Mali : Manifestations contre la présence des armées étrangères

0
514

AA / Illa Kané

Les populations de la ville Sévaré, dans la région de Mopti (centre), ont manifesté contre la présence des armées étrangères au Mali, devant le siège de la Mission multidimensionnelle intégrée des Nations Unies pour la stabilisation au Mali (Minusma), a rapporté la presse locale, jeudi.

Mercredi, «la marche est partie du rond-point central de Sévaré, devant le lycée Hamadou Dicko, pour la base de la Minusma, dans la zone aéroportuaire de Sévaré où les marcheurs ont remis une motion aux responsables de la mission onusienne», a indiqué l’agence officielle de presse (AMAP).

Les manifestants exigent, entre autres, le départ de toutes les forces étrangères au Mali, dont la Minusma et Barkhane, et la présence opérationnelle des forces armées maliennes, a ajouté la même source.

Ils réclament aussi la révision de l’accord de défense avec la France et que justice soit faite.

« Minusma Dégage ; Barkhane dégage ; On a tout compris » ; « La Minusma est à la base du terrorisme pour bénéficier de l’argent de l’ONU » ; « France, dégage nos frontières » ; « Il faut que la justice soit rendue ; réviser l’Accord de défense entre le Mali et la France » ;« Tous ensemble, vecteur de sécurité, de stabilité, de développement dans une confiance absolue de la région de Mopti », étaient parmi les slogans levés et inscrits sur des banderoles, selon un reportage de « maliactu ».

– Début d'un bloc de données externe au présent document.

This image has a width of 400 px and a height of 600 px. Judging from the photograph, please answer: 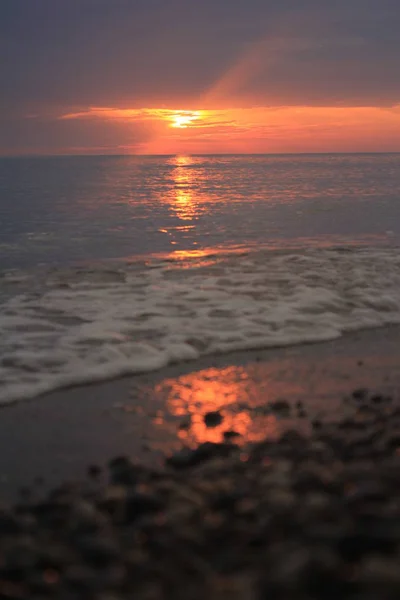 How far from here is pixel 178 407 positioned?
5582mm

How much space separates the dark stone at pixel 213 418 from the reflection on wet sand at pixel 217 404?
30mm

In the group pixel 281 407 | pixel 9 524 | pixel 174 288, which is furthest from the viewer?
pixel 174 288

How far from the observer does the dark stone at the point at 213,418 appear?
16.9 ft

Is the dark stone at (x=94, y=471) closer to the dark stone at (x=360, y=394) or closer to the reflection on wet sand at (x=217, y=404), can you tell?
the reflection on wet sand at (x=217, y=404)

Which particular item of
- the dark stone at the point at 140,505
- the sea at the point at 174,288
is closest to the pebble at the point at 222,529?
the dark stone at the point at 140,505

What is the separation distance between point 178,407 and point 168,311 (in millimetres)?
3514

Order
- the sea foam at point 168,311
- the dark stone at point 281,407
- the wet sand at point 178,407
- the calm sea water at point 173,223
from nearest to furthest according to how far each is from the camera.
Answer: the wet sand at point 178,407
the dark stone at point 281,407
the sea foam at point 168,311
the calm sea water at point 173,223

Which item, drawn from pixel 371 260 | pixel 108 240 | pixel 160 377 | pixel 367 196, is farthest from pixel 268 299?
pixel 367 196

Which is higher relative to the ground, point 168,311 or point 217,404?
point 168,311

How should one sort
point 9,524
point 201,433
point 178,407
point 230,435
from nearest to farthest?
1. point 9,524
2. point 230,435
3. point 201,433
4. point 178,407

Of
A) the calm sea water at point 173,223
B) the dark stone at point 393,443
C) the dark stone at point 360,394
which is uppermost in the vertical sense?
the calm sea water at point 173,223

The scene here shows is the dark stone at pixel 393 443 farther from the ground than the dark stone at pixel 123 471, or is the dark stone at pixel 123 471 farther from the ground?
the dark stone at pixel 393 443

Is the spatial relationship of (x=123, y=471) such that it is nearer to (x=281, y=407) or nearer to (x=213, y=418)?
(x=213, y=418)

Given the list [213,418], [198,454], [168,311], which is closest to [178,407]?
[213,418]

Cette manifestation contre la présence des armées étrangères intervient la veille d’une visite de deux jours du Premier ministre malien Boubou Cissé, jeudi, dans la région.

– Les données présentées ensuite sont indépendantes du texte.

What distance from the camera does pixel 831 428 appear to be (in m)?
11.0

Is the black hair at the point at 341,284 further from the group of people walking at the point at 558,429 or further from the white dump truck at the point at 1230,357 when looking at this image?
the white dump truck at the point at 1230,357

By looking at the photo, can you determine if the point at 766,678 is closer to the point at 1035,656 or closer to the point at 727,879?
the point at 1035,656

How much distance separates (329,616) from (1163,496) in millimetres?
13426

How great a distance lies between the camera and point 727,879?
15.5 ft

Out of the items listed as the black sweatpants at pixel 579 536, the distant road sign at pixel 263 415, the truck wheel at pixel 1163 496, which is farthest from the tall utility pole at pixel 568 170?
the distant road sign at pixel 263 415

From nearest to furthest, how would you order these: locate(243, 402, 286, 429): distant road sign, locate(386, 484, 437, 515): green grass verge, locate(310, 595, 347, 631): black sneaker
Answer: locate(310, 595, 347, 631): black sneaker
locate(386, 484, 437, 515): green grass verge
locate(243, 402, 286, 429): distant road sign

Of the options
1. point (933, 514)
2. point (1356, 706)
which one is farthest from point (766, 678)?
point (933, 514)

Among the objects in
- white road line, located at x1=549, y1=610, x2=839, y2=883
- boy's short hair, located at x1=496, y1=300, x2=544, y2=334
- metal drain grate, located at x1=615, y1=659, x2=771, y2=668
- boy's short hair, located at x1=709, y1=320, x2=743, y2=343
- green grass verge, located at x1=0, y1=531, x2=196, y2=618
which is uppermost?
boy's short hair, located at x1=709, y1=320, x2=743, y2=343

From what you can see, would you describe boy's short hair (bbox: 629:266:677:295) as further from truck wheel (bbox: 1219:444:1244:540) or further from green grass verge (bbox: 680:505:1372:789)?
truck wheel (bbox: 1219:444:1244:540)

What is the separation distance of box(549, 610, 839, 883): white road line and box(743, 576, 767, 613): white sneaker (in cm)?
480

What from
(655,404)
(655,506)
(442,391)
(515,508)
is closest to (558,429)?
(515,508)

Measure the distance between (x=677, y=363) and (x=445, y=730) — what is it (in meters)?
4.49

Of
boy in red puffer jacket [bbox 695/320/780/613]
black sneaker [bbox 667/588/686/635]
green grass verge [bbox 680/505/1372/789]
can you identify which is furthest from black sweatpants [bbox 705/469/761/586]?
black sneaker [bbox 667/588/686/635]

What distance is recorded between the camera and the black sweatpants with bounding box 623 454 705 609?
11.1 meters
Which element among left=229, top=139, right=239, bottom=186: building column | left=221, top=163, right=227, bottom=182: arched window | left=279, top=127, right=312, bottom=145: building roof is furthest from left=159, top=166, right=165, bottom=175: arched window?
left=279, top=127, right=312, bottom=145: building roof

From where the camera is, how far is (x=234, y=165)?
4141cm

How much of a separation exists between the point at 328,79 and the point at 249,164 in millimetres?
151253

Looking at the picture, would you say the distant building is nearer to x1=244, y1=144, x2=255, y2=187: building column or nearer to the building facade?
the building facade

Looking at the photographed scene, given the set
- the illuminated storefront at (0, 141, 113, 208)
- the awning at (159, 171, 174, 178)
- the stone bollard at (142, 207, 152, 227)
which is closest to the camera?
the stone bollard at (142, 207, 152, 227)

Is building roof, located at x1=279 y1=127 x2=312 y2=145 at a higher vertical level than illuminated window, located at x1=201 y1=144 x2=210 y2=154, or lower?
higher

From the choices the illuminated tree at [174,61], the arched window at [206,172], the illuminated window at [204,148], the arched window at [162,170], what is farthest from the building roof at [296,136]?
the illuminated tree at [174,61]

«Au cours de son séjour, le Boubou Cissé rencontrera la hiérarchie militaire pour évoquer avec elle les questions sécuritaires. Il visitera les blessés des récentes attaques de Boulkessi et Mondoro, partagera un repas de corps avec la troupe, avant de procéder à Soufroulaye au lancement du DDR (désarmement / démobilisation / réintégration ) spécial», a indiqué un communiqué de la primature malienne consulté par Anadolu.

Selon l’analyste politique malien Inoussa Dicko, joint par Anadolu, le premier ministre Cissé rencontrera, éventuellement, des représentants des manifestants contre la présence des armées étrangères au Mali pour leur donner la position du Gouvernement.

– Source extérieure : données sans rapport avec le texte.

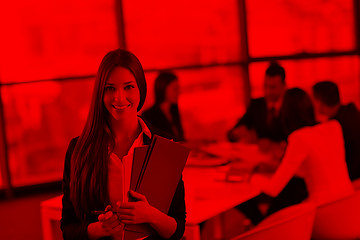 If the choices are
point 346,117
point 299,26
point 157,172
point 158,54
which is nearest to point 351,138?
point 346,117

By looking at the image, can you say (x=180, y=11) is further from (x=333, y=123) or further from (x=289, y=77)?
(x=333, y=123)

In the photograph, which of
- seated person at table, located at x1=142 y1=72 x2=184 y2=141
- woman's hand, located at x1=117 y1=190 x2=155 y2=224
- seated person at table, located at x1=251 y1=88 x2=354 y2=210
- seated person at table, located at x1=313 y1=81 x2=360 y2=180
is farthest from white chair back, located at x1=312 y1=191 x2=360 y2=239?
seated person at table, located at x1=142 y1=72 x2=184 y2=141

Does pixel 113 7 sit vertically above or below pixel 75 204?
above

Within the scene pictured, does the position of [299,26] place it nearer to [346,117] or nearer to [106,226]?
[346,117]

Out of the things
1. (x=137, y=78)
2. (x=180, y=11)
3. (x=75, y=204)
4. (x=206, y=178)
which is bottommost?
(x=206, y=178)

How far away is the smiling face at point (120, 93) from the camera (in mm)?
1570

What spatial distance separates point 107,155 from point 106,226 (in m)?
0.26

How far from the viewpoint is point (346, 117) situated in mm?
3125

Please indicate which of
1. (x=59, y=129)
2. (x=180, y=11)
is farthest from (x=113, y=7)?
(x=59, y=129)

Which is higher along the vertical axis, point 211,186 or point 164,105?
point 164,105

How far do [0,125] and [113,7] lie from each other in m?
1.88

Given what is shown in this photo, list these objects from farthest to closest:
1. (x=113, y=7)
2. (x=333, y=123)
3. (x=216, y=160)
Answer: (x=113, y=7) → (x=216, y=160) → (x=333, y=123)

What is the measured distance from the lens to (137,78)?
162 cm

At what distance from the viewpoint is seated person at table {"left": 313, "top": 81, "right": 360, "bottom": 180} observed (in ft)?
10.2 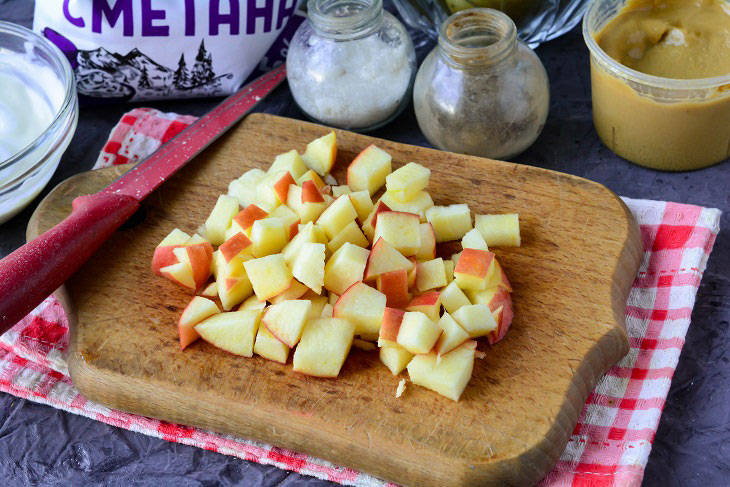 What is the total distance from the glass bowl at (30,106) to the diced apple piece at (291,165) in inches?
19.5

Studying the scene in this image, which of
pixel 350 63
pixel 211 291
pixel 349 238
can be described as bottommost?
pixel 211 291

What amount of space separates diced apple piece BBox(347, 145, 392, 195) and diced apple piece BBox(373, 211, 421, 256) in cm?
19

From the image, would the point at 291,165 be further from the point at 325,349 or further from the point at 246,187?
the point at 325,349

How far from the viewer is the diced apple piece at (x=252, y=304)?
164 centimetres

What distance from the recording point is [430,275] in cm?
165

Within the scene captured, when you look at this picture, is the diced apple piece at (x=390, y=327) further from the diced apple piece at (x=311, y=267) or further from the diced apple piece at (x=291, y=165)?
the diced apple piece at (x=291, y=165)

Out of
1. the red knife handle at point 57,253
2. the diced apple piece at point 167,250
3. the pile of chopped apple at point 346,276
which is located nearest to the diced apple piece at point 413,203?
the pile of chopped apple at point 346,276

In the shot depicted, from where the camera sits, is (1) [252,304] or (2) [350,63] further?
(2) [350,63]

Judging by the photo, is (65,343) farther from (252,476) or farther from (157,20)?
(157,20)

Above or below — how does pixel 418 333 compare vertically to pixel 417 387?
above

Depuis 2012 le Mali est confronté à un climat d’insécurité qui affecte principalement les régions du nord et du centre. Outre les forces de la Minusma, celles de l’opération Barkhane et celles du G5 Sahel sont présentes dans le pays.

En juin 2018, le siège de la force conjointe du G5 Sahel, basé à Sévaré, avait été visé par une attaque terroriste. Il a, ensuite, été transféré à Bamako où plusieurs manifestations ont eu lieu contre son installation, ce qui a amené le gouvernement à renoncer à cette implantation et de chercher un autre lieu.

Au Mali, au Burkina Faso et au Niger, les manifestations contre la présence des armées étrangères se tiennent de manière récurrente, à l’appel des organisations de la société civile et des mouvements de jeunes qui contestent leur utilité, au vu de la persistance des attaques terroristes dans les trois pays.

Côté français, ces manifestations ne semblent pas avoir un quelconque effet sur leurs « mission ». Ils ont même commencé à remplacer les tentes par des bâtiments « en dur ».

« D’importants travaux d’infrastructure sont actuellement menés sur la base de Gao (nord) avec la construction de logements en dur pour les militaires, d’une deuxième centrale à haute tension et d’un cinquième forage d’eau », a indiqué le ministère français des armées dans un communiqué en date du 8 octobre.

Autrement dit, leur présence est inscrite dans la durée.